The 28,515 devices, which have spent the last half-decade maturing in government warehouses, were initially part of the Poshan Abhiyan scheme. However, after a series of court cases, the suspension of two IAS officers, and the realization that the target beneficiaries—12 lakh women and children—had mostly grown up or moved on, the state has pivoted to a more 'urgent' crisis.

"We are not calling it a delay; we are calling it strategic aging," said an official from the Social Security department, speaking on condition of anonymity while standing near a stack of boxes labeled 'Android 10 - Handle with Care.' "By the time we successfully navigated the procurement litigation, the malnutrition data was historical. Fortunately, we have a brand-new census starting in April that needs hardware that barely supports modern apps."

The decision follows the February suspension of senior IAS officers over the procurement lapse.

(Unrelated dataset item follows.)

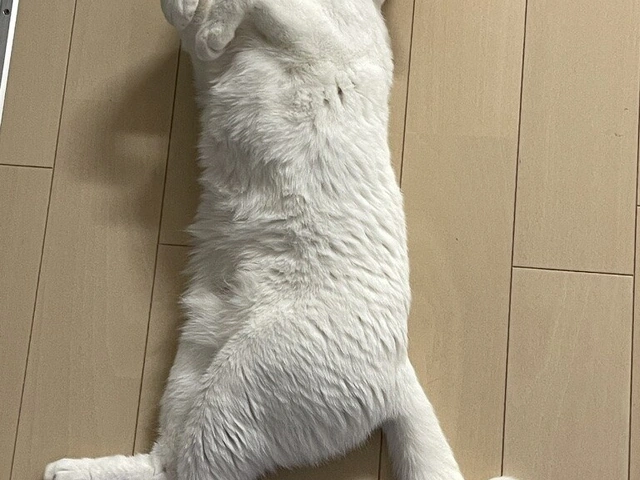 RUI's cats at home, photo 17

Sources indicate the government realized that distributing 2020-spec phones to Anganwadi workers in 2026 would be an insult, whereas giving them to 15,000 protesting school teachers acts as a formal work assignment.

"The teachers said they didn't want to be enumerators for the drug census," the official added. "By giving them these specific phones, we ensure they spend so much time waiting for the screens to load that they won't have the energy to protest their secondary duties."

Representatives of the Democratic Teachers Front (DTF) have expressed concerns that the devices, which feature battery technology from the early Galli-Galli Sim Sim era, may not last through a single afternoon of door-to-door data entry.

In response, the Punjab Finance Ministry noted that the move is a masterstroke of fiscal responsibility. "We have successfully utilized a budget allocated during the previous administration to solve a problem created by the current one, using technology that was cutting-edge when TikTok was still legal," a spokesperson confirmed.

The government has assured the public that the 12 lakh beneficiaries originally promised nutritional tracking will be included in the new census, provided they have transitioned from being malnourished children to socio-economic data points.